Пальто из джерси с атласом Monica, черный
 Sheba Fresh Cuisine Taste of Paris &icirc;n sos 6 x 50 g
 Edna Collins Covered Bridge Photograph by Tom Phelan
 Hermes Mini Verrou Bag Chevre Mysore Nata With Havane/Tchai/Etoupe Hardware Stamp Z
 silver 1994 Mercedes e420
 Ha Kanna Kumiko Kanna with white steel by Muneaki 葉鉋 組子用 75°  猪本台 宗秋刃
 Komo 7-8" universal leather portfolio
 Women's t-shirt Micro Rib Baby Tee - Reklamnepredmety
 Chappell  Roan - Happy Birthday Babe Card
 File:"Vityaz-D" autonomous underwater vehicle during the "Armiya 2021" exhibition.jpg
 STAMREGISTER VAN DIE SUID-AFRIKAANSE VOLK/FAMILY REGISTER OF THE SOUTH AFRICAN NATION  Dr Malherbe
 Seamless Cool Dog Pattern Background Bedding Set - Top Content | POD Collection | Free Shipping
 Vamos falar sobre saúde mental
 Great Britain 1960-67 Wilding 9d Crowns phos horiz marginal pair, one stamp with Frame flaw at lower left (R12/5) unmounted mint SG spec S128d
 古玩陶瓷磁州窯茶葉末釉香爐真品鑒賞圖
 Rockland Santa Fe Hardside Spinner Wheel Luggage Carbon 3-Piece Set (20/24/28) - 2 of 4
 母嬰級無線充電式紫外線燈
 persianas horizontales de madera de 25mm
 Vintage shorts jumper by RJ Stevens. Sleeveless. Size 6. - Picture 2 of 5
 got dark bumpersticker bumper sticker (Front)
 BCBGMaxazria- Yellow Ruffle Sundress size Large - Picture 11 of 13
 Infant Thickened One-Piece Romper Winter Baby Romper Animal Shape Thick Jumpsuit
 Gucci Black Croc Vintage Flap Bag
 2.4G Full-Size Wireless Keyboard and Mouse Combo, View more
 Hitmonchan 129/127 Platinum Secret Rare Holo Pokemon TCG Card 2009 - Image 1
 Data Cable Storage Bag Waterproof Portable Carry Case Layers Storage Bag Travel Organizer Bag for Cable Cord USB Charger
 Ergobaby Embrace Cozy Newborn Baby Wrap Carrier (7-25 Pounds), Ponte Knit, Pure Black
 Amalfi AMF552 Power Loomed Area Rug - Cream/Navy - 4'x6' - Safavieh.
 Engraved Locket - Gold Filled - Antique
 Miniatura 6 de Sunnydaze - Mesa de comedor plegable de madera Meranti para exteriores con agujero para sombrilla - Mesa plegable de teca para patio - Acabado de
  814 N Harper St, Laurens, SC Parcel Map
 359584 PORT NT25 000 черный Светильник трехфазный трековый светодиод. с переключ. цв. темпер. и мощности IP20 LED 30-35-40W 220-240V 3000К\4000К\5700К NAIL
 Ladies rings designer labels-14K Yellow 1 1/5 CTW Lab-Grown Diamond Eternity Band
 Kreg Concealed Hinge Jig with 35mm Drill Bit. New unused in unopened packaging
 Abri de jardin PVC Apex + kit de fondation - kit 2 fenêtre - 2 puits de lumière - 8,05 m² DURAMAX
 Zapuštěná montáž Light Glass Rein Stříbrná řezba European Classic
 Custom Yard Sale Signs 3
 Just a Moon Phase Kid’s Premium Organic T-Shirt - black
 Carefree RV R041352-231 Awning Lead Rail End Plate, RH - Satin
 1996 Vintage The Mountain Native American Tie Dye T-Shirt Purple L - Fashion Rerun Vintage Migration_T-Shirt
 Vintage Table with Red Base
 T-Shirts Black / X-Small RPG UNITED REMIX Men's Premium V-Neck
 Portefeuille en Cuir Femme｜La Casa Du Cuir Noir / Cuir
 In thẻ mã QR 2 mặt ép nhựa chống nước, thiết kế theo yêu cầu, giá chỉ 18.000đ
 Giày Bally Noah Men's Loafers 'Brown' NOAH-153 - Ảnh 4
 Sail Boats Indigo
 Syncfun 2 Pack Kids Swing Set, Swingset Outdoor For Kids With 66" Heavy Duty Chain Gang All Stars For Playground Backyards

---*---

When the line with "母嬰級無線充電式紫外線燈" is reached in the data above, begin copying, and stop after the line with "Hitmonchan 129/127 Platinum"; copy each line exactly, both ends included.

 母嬰級無線充電式紫外線燈
 persianas horizontales de madera de 25mm
 Vintage shorts jumper by RJ Stevens. Sleeveless. Size 6. - Picture 2 of 5
 got dark bumpersticker bumper sticker (Front)
 BCBGMaxazria- Yellow Ruffle Sundress size Large - Picture 11 of 13
 Infant Thickened One-Piece Romper Winter Baby Romper Animal Shape Thick Jumpsuit
 Gucci Black Croc Vintage Flap Bag
 2.4G Full-Size Wireless Keyboard and Mouse Combo, View more
 Hitmonchan 129/127 Platinum Secret Rare Holo Pokemon TCG Card 2009 - Image 1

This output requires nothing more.